[Data provided]
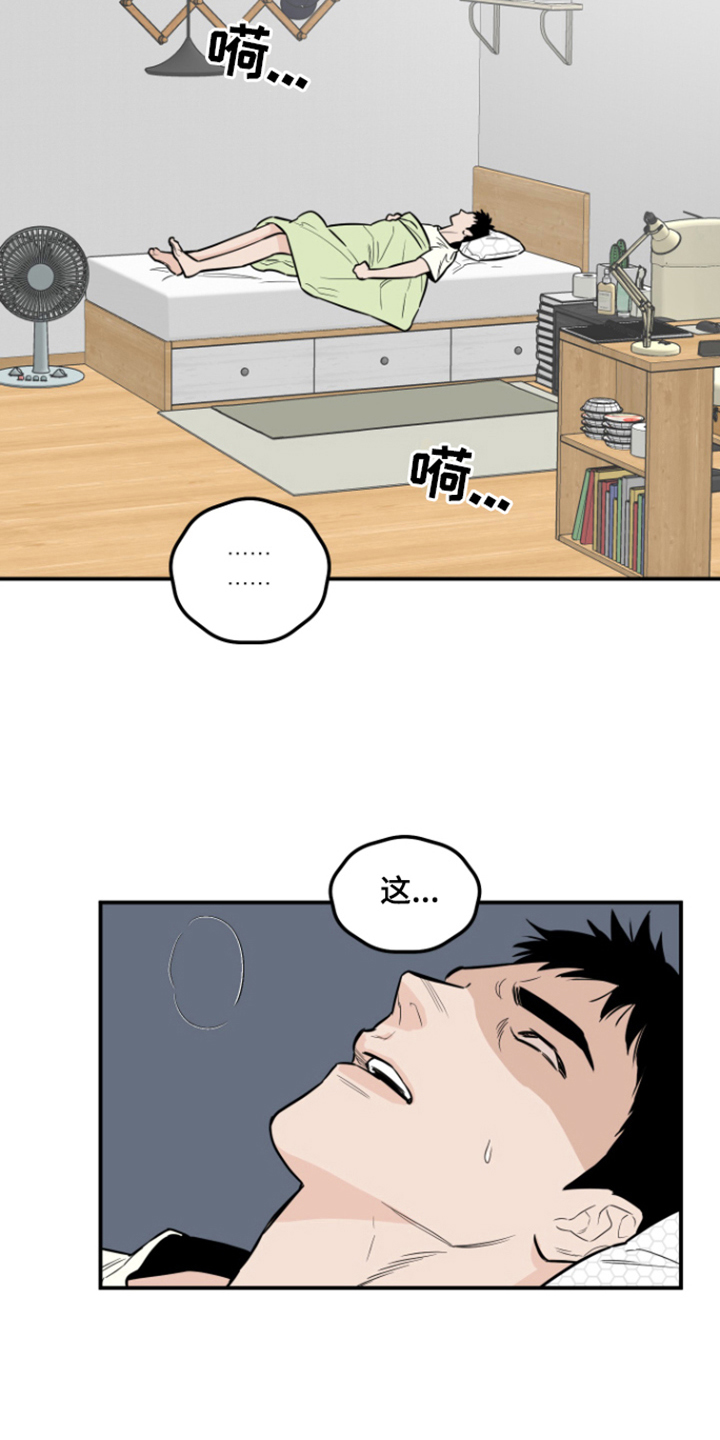 记者本能小说全集漫画,第11章：做梦2图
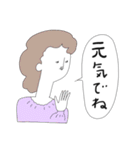 昭和レトロな女たち（個別スタンプ：25）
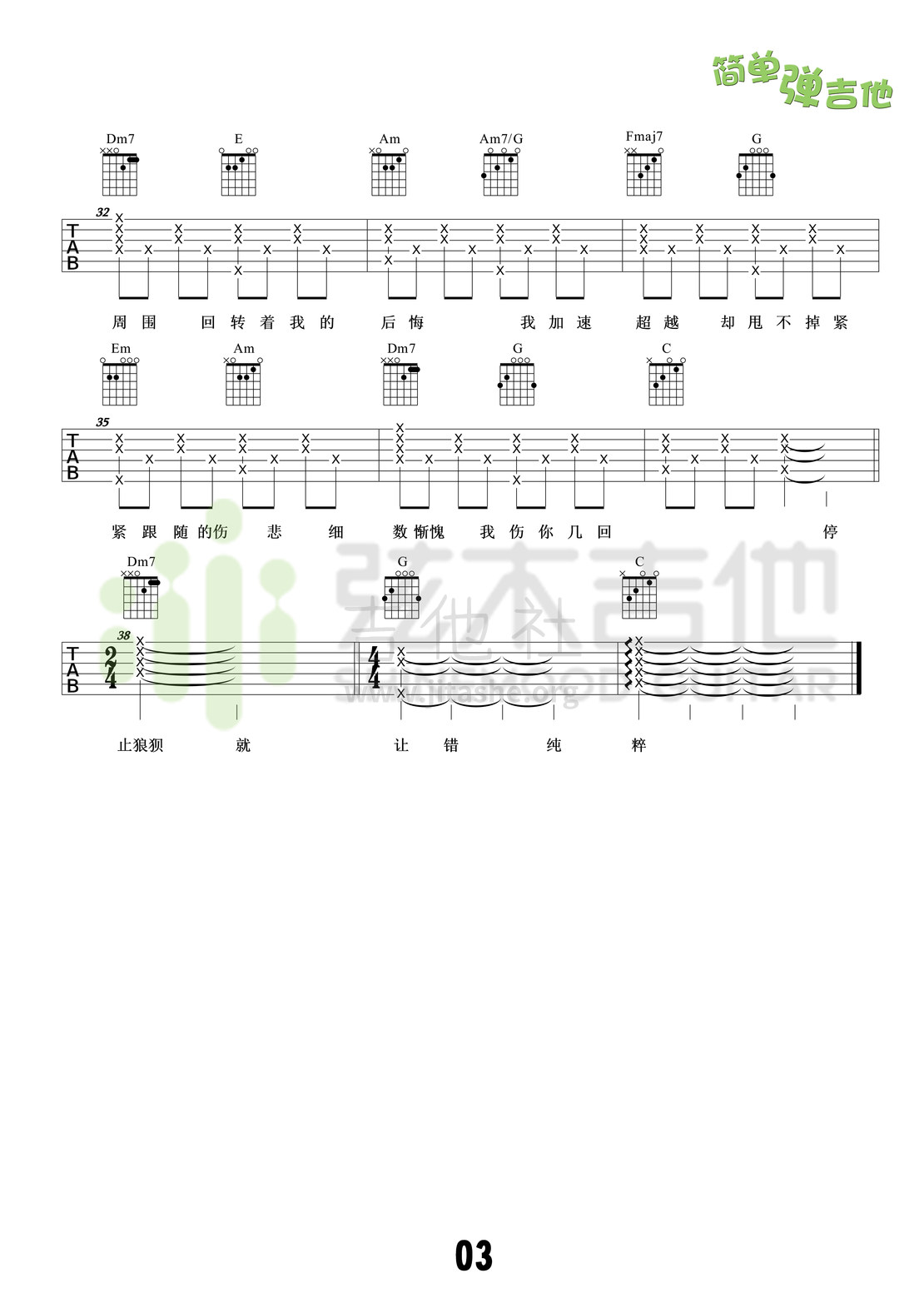 一路向北(弦木吉他简单弹吉他:第21期)吉他谱(图片谱,弦木吉他,弹唱,简单弹吉他)_周杰伦(Jay Chou)_3.jpg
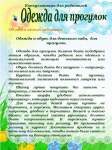 Консультация для родителей «Одежда для прогулок» -октябрь 2024 г.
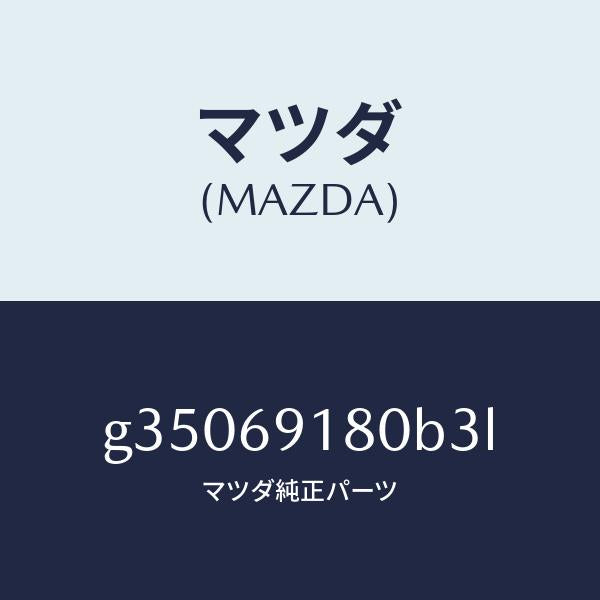 マツダ（MAZDA）ミラ-(L) ドア- /マツダ純正部品/カペラ アクセラ アテンザ MAZDA3 MAZDA6/ドアーミラー/G35069180B3L(G350-69-180B3)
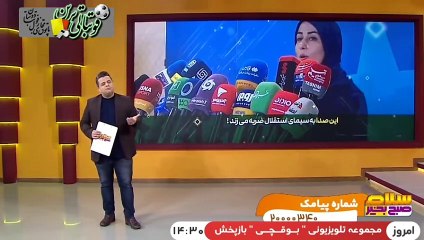 حواشی مصاحبه سخنگوی باشگاه استقلال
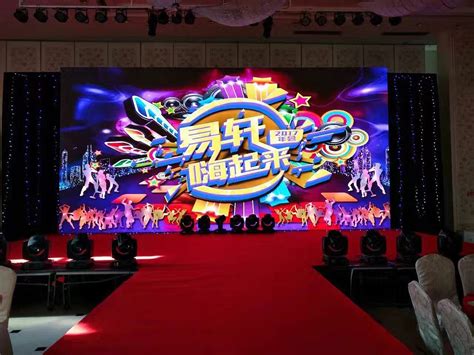 2017公司跨年晚会之舞台背景|平面|海报|yuyinlei123456 - 原创作品 - 站酷 (ZCOOL)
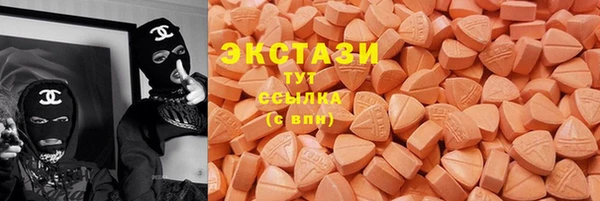 твердый Беломорск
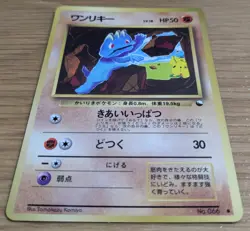 【NM】Machop Quick Starter Gift Set (Red) Pokemon Card Japanese No066 From Japan - Image 3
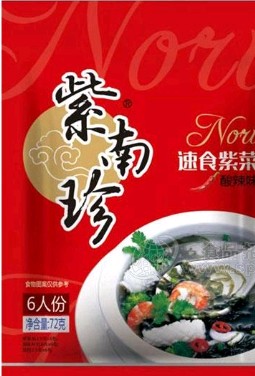 晋江福衍食品有限公司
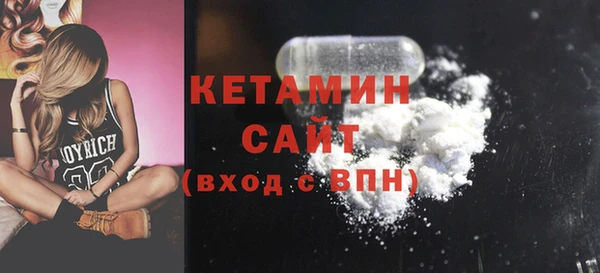 mix Каменногорск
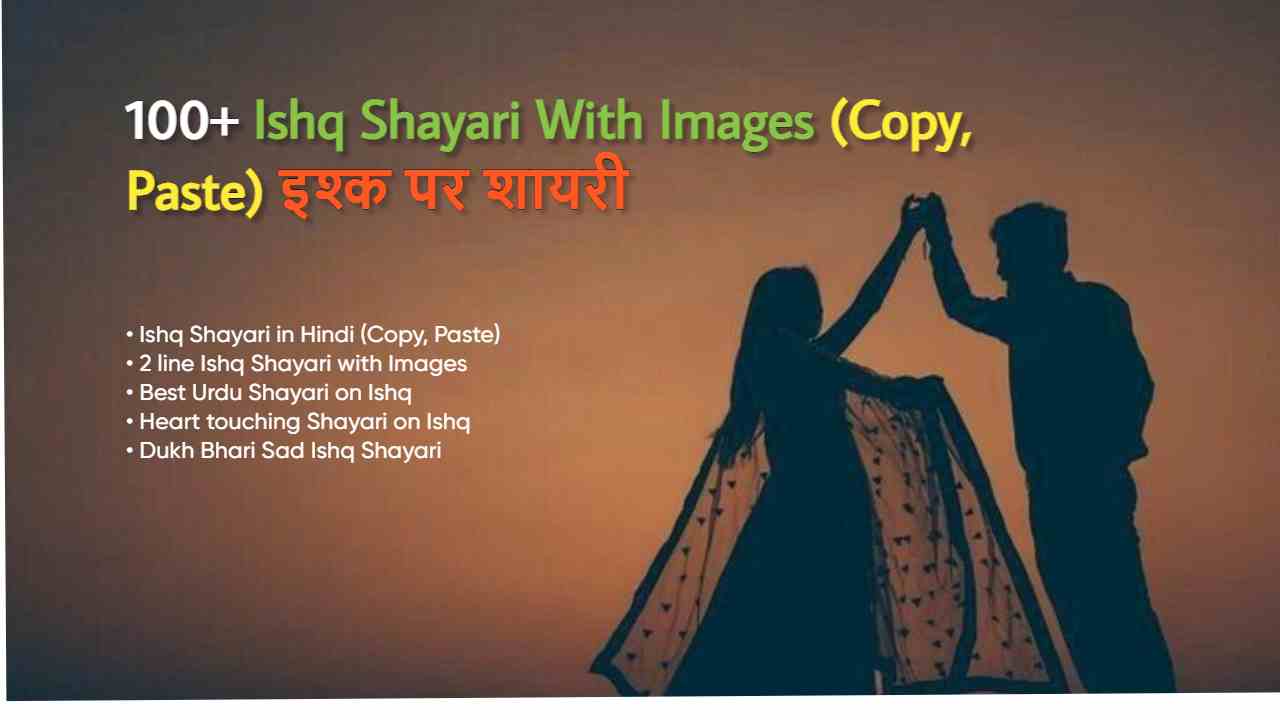 100+ Ishq Shayari with Images (Copy, Paste)| इश्क पर शायरी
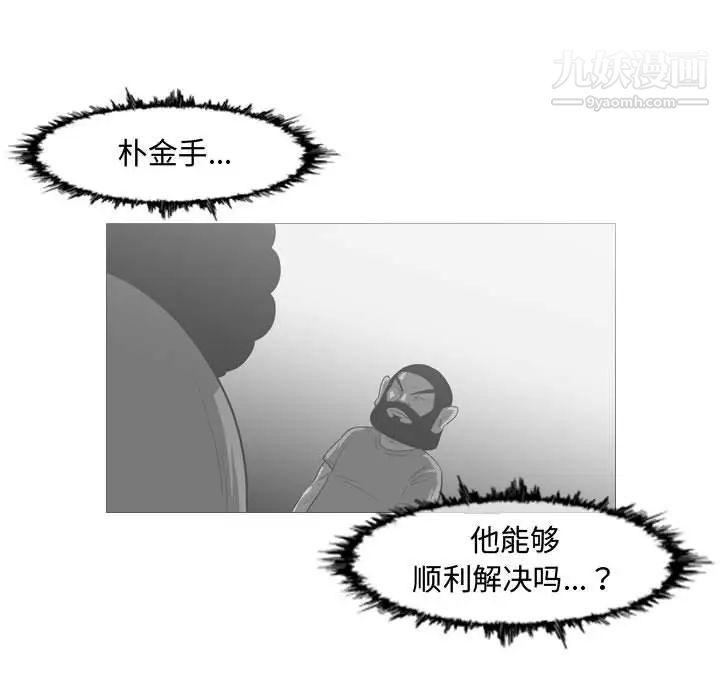 恶劣时代第37话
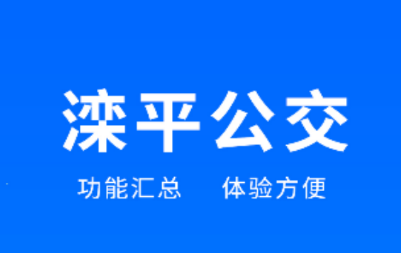 滦平县掌上公交app 滦平县掌上公交app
[/Data provided]
_Required work_
Leave the pictures out and copy exactly the lines from the one that holds "100+ Ishq Shayari" through the last line of the material.

_Answer for this exercise_
 100+ Ishq Shayari with Images (Copy, Paste)| इश्क पर शायरी
 恶劣时代第37话
 滦平县掌上公交app 滦平县掌上公交app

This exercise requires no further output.